# Paying (or not paying) Your Pastor



## Marrow Man

I am planning to preach on 1 Timothy 5:17-18 this Lord's Day. Of course, this is one of the NT passages where payment of ministers is emphasized.

My question: are there churches/denominations that do not pay their pastors? It seems that I have heard (anecdotally) about this.


----------



## JonathanHunt

of course there are. lots of small ones that can't afford it.

or do you mean ones that could afford it and still don't?


----------



## Bill The Baptist

The LDS church does not pay their Bishops. Of course they really don't have anything to do since there are no sermons in the LDS church.


----------



## Philip

The church I attend has had a couple of unpaid pastoral staff, but in those cases, they were simply ordained TEs who were either retired or teaching and did pastoral ministry on a volunteer basis (we also had two paid full-time pastors at the same time).


----------



## Marrow Man

JonathanHunt said:


> of course there are. lots of small ones that can't afford it.
> 
> or do you mean ones that could afford it and still don't?



The latter. In experience, even the smaller ones can afford an honorarium for a weekly supply pastor.

In reality, I am looking for churches/denominations where it is a systemic problem -- i.e., ones that say that church shouldn't pay pastors.


----------



## Marrow Man

It seems like I remember Quakers or certain Anabaptist groups (Brethren?) might not pay their pastors (these groups might not actually have pastors, though). I could be wrong, of course.


----------



## Wayne

Failure to pay an agreed-upon salary was a common problem in the 19th century, but that sort of illustration probably falls outside what you are looking for.


----------



## JonathanHunt

In the UK, it would be common for the Brethren not to pay anyone, because they would not recognise any elder as being a 'minister' or 'pastor', and most men in a congregation would be expected to 'give a word' in turn. This has changed somewhat in recent times, with the more open wing of brethrenism tending to adopt the 'evangelical' label (which is not such a bad word in the UK compared to the USA) and sometimes having a paid full-time elder.


----------



## Damon Rambo

Some Primitive Baptist groups believe that the minister should not receive a salary, but should be supported solely by secular employment.


----------



## PreservedKillick

JonathanHunt said:


> In the UK, it would be common for the Brethren not to pay anyone, because they would not recognise any elder as being a 'minister' or 'pastor', and most men in a congregation would be expected to 'give a word' in turn. This has changed somewhat in recent times, with the more open wing of brethrenism tending to adopt the 'evangelical' label (which is not such a bad word in the UK compared to the USA) and sometimes having a paid full-time elder.
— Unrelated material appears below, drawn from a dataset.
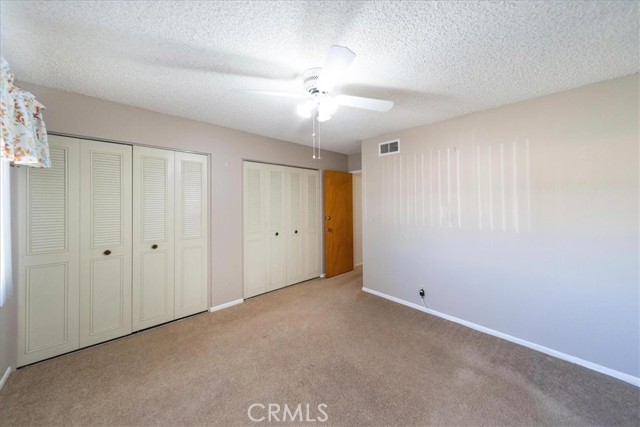 1561 Sandlewood Drive, Hemet CA: https://media.crmls.org/medias/18e01e67-87d8-4ea2-b5c9-f7ad42f22b9c.jpg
I grew up Plymouth Brethren, and this was the position of our church. While some American Brethren assemblies are starting to pay full-time ministers, this is seen by more conservative brethren as a departure from their interpretation of the New Testament model.


----------



## Jake

I have come across the doctrine in a church I was in, but this is by no means a norm...
This church was run by four elders (no distinction was made between teaching and ruling elder here... all were theologically trained to some degree and ordained simply as elders) who had other employment as well. The church was fairly new, but by the time I left, it had reached 200 members and the elders did not expect a salary... but there was money available when they couldn't make ends meet.


----------



## Mushroom

I was going to mention Plymouth Brethren, but I see it has already been cited. Other similar groups, some known simply as 'the meetings', do the same. Those are the only groups I've ever encountered with that doctrine, but I have seen a few particular Churches of various theological stripes that under-pay their Pastors with the expectation they will be bivocational.


----------



## Marrow Man

Wayne said:


> Failure to pay an agreed-upon salary was a common problem in the 19th century, but that sort of illustration probably falls outside what you are looking for.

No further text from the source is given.